Chroniques Lire

À place du cœur, Arnaud Cathrine

Bonjour bonjour ! Cette semaine, j’ai lu À la place du cœur écrit par Arnaud Cathrine et publié chez Pocket Jeunesse. Une lecture qui m’a tellement marquée et plu qu’elle valait bien un article à elle toute seule.

Dans À la place du cœur nous retournons en janvier 2015, mois fatidique durant lequel la France bascule dans l’horreur. Mais pour l’instant, Caumes est très loin de tout cela. Nous sommes le 6 janvier, il a 17 ans et d’autres préoccupations propres à son âge. Seuls comptent ses amis, sa vie rêvée à Paris et la belle Esther, sur laquelle il craque en secret. Ce qu’il ne sait pas, c’est que dans quelques heures Esther va lui avouer ses sentiments. Ce qu’il ne sait pas non plus, c’est que dans quelques heures la France entière va vivre un des moments les plus marquants de la décennie.

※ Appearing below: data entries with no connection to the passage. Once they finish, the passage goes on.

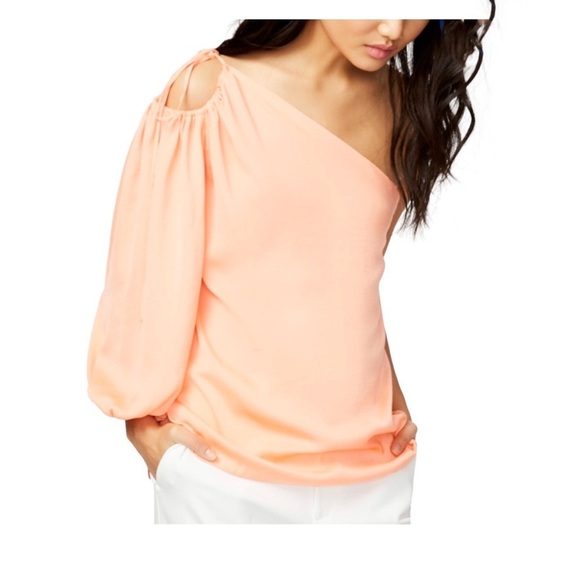 Rachel Roy Soirée one shoulder grapefruit blouse S - Picture 1 of 6
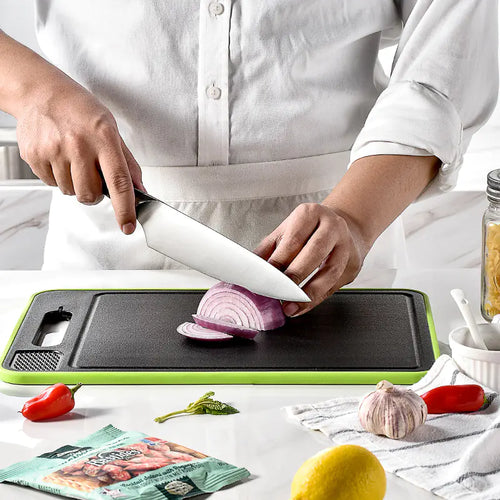 Dual-Sided Rapid Defrost Aluminium Cutting Board with Sharpener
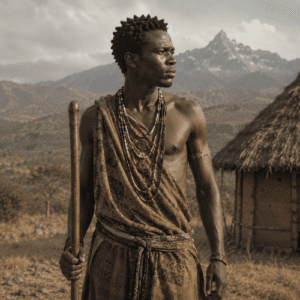 Ancient Meru ancestral hero Muthetu standing on the foothills of Mount Kenya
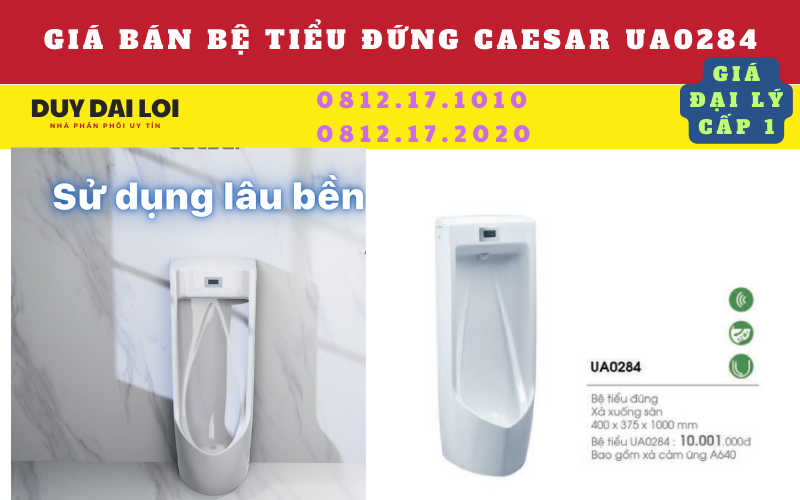 Giá bán bệ tiểu đứng caesar UA0284 Giá bán bệ tiểu đứng caesar UA0284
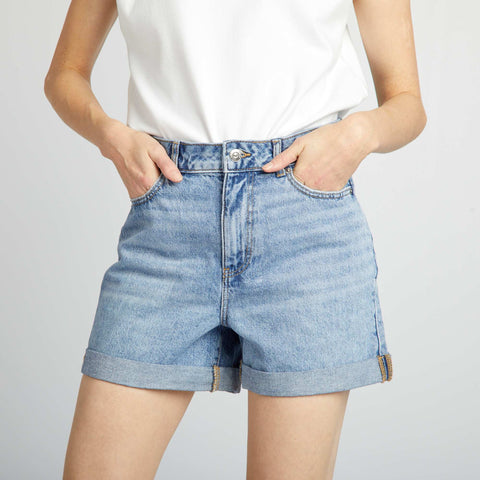 Short en denim taille haute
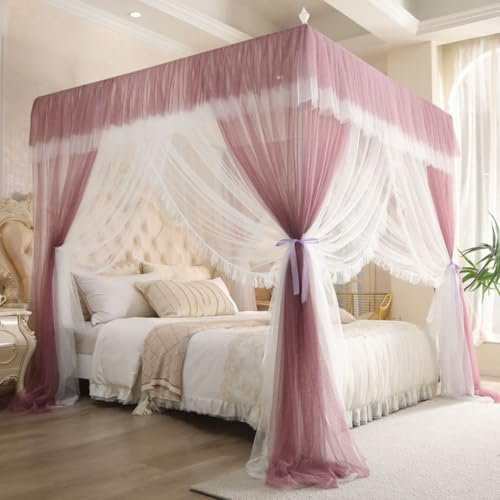WLCNYL Zanzariera per Letto Zanzariera Quadrata Doppia Grande Baldacchino Pieghevole Baldacchino per Letto Matrimoniale Zanzariera Leggera a Quattro Porte Facile da installare-180 * 200 * 200 cm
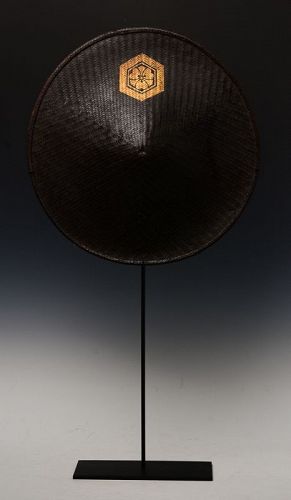 Early 20th Century, Showa, Japanese Bamboo and Lacquered Hat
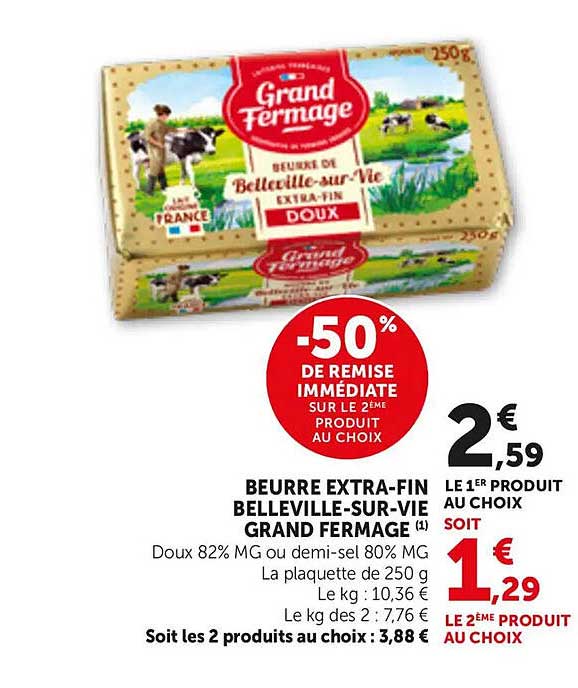 BEURRE EXTRA-FIN BELLEVILLE-SUR-VIE GRAND FERMIAGE (1)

Les attentats dans les yeux d’un ado

Avec ce roman, nous accédons au point de vue d’un ado évoluant dans une société en plein chamboulement. J’avais à peu près l’âge de Caumes lorsque les attentats de Charlie Hebdo ont eu lieu et je me souviens précisément des émotions que j’ai pu ressentir à ce moment-là. Aussi, j’ai été à la fois émue et soucieuse de la finesse et de la justesse avec lesquelles l’auteur a pu créer le personnage de Caumes. On retrouve parfaitement ce tiraillement entre la peur à laquelle il ne faut pas céder et la volonté de vaincre, de créer un monde meilleur et plus solidaire.

Confrontation de valeurs

De plus, Caumes vit dans une ville – non nommée – dans laquelle se côtoient des habitants de toutes nationalités, de toutes origines et de toutes religions. Cet accès à une multitude de points de vue sur la question est riche et intéressante. Caumes, jeune garçon blanc venant d’un milieu aisé, est lui-même confronté aux discriminations à travers ses amis musulmans. Il vit avec eux la montée de l’islamophobie, s’inquiète pour eux et se pose les mêmes questions qu’eux.

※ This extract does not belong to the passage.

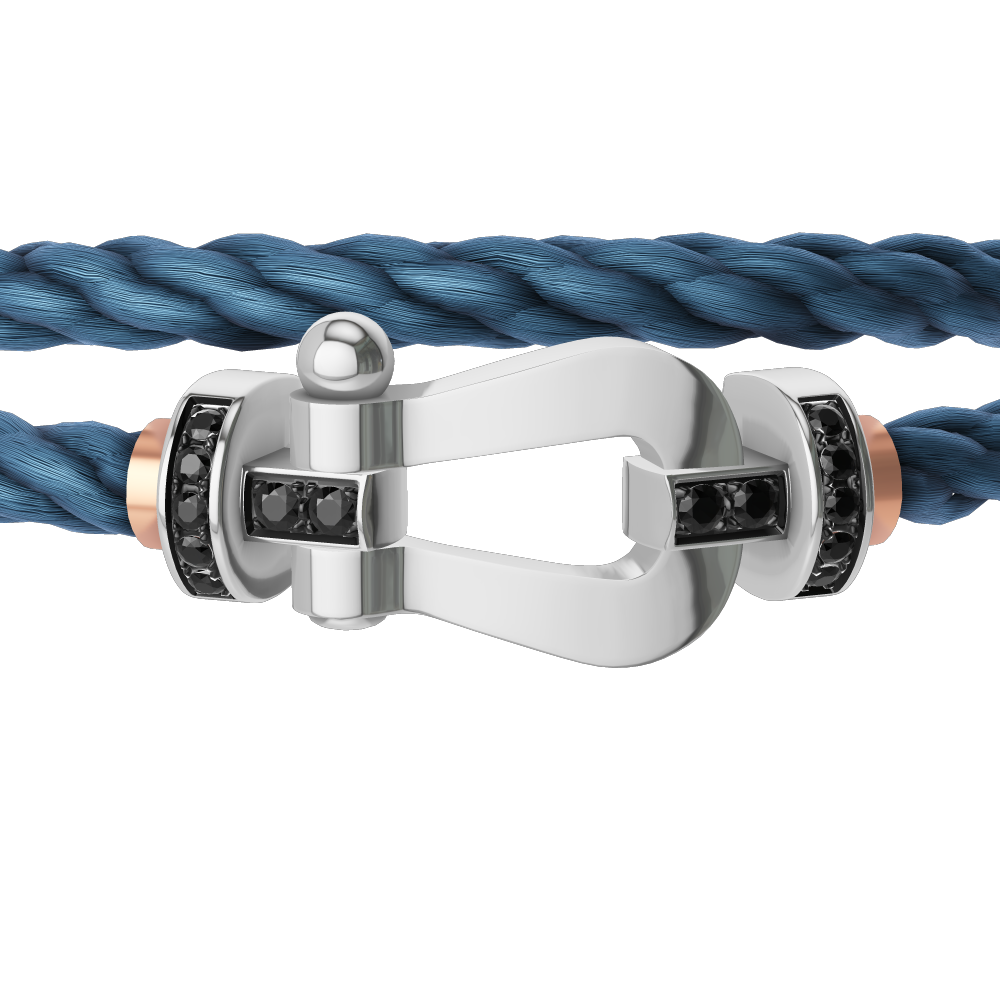 FRED FORCE 10 BRACELET Stainless steel and gold plating WHITE GOLD AND BLACK DIAMONDS LARGE MODEL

La presse et l’information

Pour finir, le roman accorde une place de choix à l’information. Le narrateur est interne et nous suivons le déroulé des événements à travers les yeux de Caumes. Et comme beaucoup d’entre nous à ce moment-là, Caumes se laisse attraper dans les filets de l’information rapide et continue. À plusieurs, reprises, le roman questionne donc la place que l’information a dans nos vies et la manière dont nous l’appréhendons. Elle nous permet de l’envisager d’une manière différente et de la remettre en cause parfois.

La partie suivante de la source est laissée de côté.